郭絡羅涼鳴頗爲無奈的嘆口氣說道:“希望毀點房子能夠讓他的怒火稍微平息點,我還是趕緊去見他吧,免得真弄出人命。”
然後一副肉疼的看向了白爾達溫嵐,說道:“這事情你可是穩拿好處的,我這房屋的損失,你可要賠償給我,要不然我就是賠了夫人又折兵?”
白爾達溫嵐自然是知道郭絡羅涼鳴所做的完全是知道了的,所以他纔會心甘情願的讓這一家人過來破壞了他和榮壽安逸的早餐的,對這件事情他表示很高興,笑道:“房屋的費用我出了。”
“哎……溫嵐哥,你怎麼可以答應他這麼過分的條件呢?這些房屋都應該讓那個林義賠,真是個土匪,竟然拆別人的屋子!”阿穆魯凌美十分生氣的說道。
郭絡羅涼鳴也不隱瞞什麼了,看向了阿穆魯凌美說道:“我將他下了藥,讓他和金靈兒那個那個了,你說他如此反應是十分正常的啊?哎……我苦命的面對去了!”
阿穆魯凌美則是驚呆了,看向白爾達溫嵐問道:“溫嵐哥,他說什麼?”
白爾達溫嵐但笑不語,並不說話。
“啊!這事情也敢做?要我就將人殺了!”阿穆魯凌美震驚的站起身來,隨後轉念想想,便是笑了起來,說道:“那這林義這情敵不是就給溫嵐哥你除掉了嘛?這事情應該剛剛就和榮壽說了的啊。”
郭絡羅逸凡笑道:“額娘,我想幹娘知道之後是什麼反應,我們大家可都掌握不到,她馬上就要進宮去了,在那種地方,帶着心事可不好。”
“也對,也對,我們就等榮壽回來吧。”阿穆魯凌美笑的十分開心的說都,然而看向了白爾達溫嵐挪揄道:“溫嵐哥,你這次打算怎麼謝謝我們呢,這完全就是給您除掉了一個勁敵呢!”
郭絡羅逸凡無奈笑道:“乾爹剛剛都是房屋算他的了!”
“哦!對!我怎麼把這個事情給忘記了呢?”阿穆魯凌美笑的特別甜美的說道。
而另外一邊的郭絡羅涼鳴看着那滿院子的廢墟,嘴角直抽抽,只能是勉強撐着笑意,看向了那站在廢墟中怒氣衝衝的林義,以及嚇的臉色慘白的金靈兒,笑道:“林義!你來啦!昨天晚上是不是很銷魂蝕骨啊?”
依舊是輕佻欠扁的聲音,聽到這個聲音,林義那種瞬間爆走,直接撲過來。
郭絡羅涼鳴看着凌厲的殺招,嚇的是趕緊躲開,笑道:“嚇死我了!你一大早的這麼大火氣做什麼?”然後看向金靈兒說道:“白教你了,竟然都沒讓他把火給泄了?”

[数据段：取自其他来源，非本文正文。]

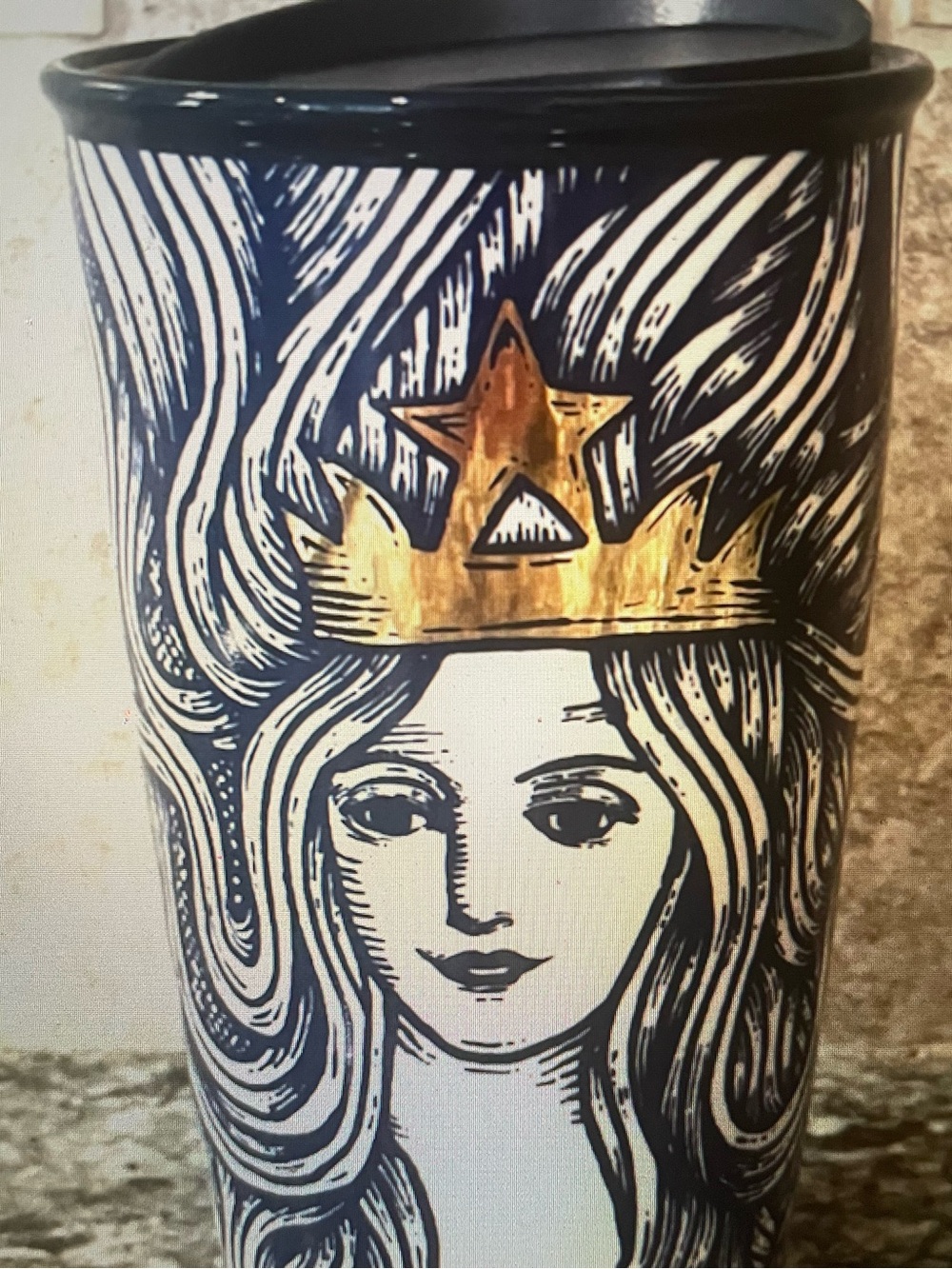Starbucks Mermaid Gold Crown Ceramic Tumbler 2016 Anniversary Collection 12 oz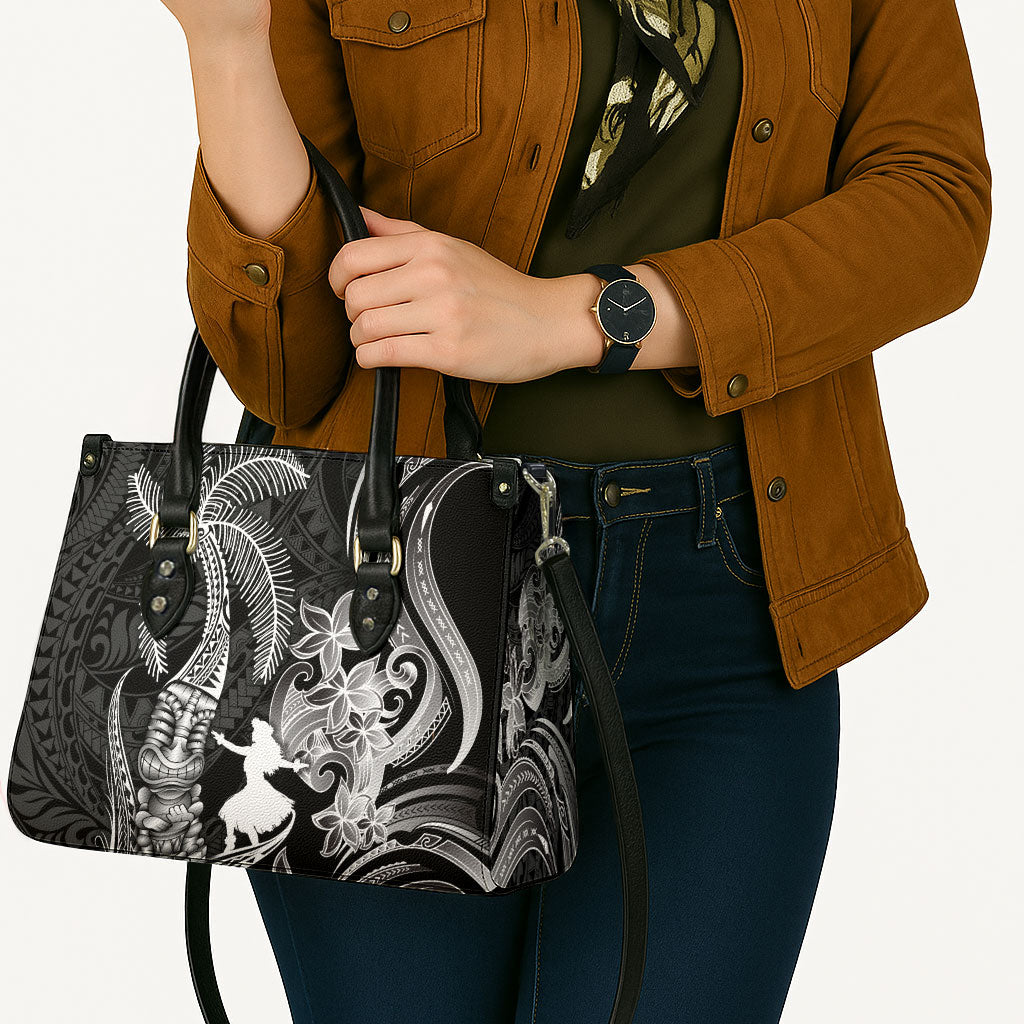 Hawaii Tribal Tiki Drum Hula Girl Leather Bag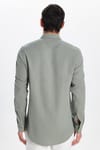 Erkek Slim Fit Dar Kesim %100 Pamuk Keten Doku Çift Cep Spor Yaka Açık Haki Gömlek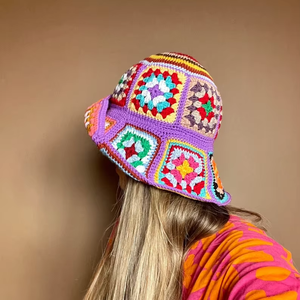 Sombrero de Pescador para Mujer, Hecho a Mano, de Hilo de Algodón y Lino, 54-56 cm, Primavera/Verano, Estilo Vintage, Patrón a Cuadros, Estilo Europeo Americano - Product Image 6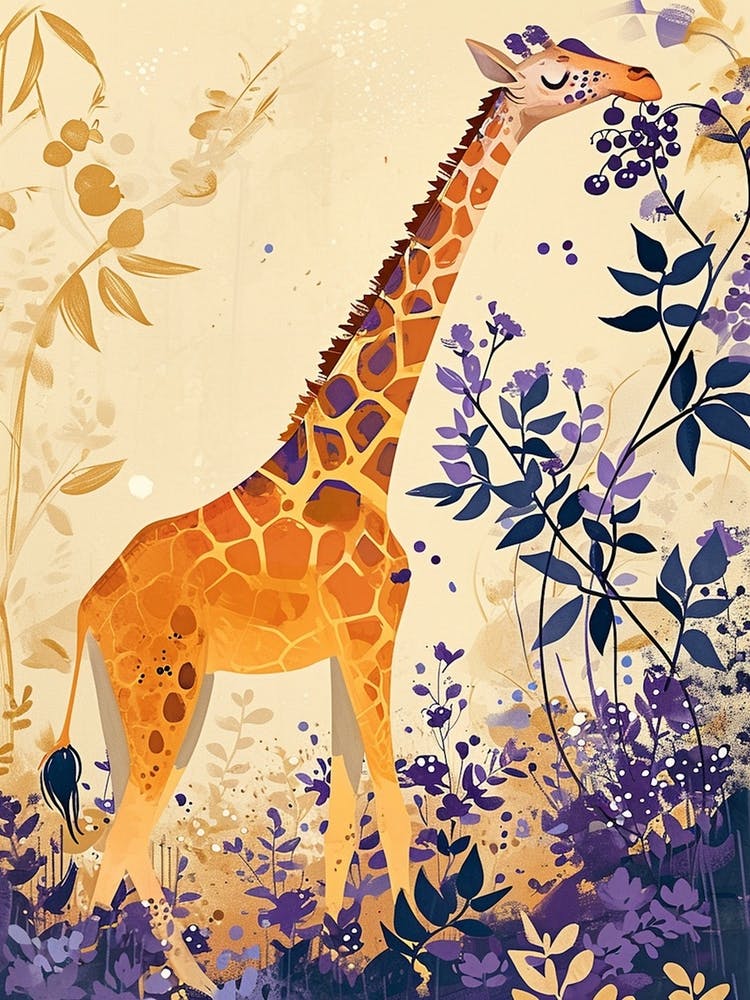 Giraffe Eating Berries Watercolour Inspired 2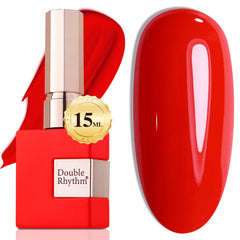 Double Rhythm Bright Red bottle close-up for salon-ready color.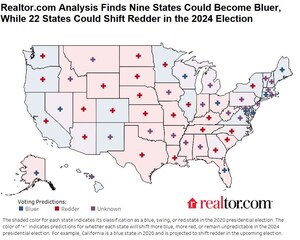 Realtor.com® Analysis Finds Nine States Could Potentially Become Bluer, while 22 States Could Shift Redder in the 2024 Election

金靈兒繼續當透明,她知道林義盛怒的情況,你最好是安靜不說話,看着他發脾氣,說話頂嘴那是會死的很慘很慘的。
林義看着郭絡羅涼鳴,惡狠狠的道:“果然是你乾的好事。”
“那當然是我敢的好事了,除了我,誰還這麼爲你着想啊?昨天晚上不是很舒服嘛?”郭絡羅涼鳴一副我爲你好的模樣,笑着拍拍林義的肩膀說道:“我知道你生氣,可是男人那個不是三妻四妾?”
對於這種完全不認識到自己錯誤的郭絡羅涼鳴,林義那噴薄而出的怒氣,漸漸的收了回去,可是卻看得更加恐怖了,笑道;“是啊,男人三妻四妾很平常啊,你怎麼就娶一個呢?身爲朋友的我,應該多爲你想想!”
感覺背後一陣惡寒,如果林義衝上來就打,他嬉皮笑臉的躲開,說點耍寶的話,讓林義不那麼不開心了,這事情也就結束了,可是如今看到這樣的林義,郭絡羅涼鳴就知道自己慘了。
“林義啊,我們是多年好友,我覺得你執着追求自己喜歡的,不如選個喜歡自己的共度一生,更何況你喜歡的那還是有主的,整個心不在你身上的啊。”郭絡羅涼鳴看向林義說道。
然後看向另外一邊的金靈兒說道:“你若是覺得我的做法不對,給你弄了麻煩來,那你放心,這個麻煩我會給你解決了的。”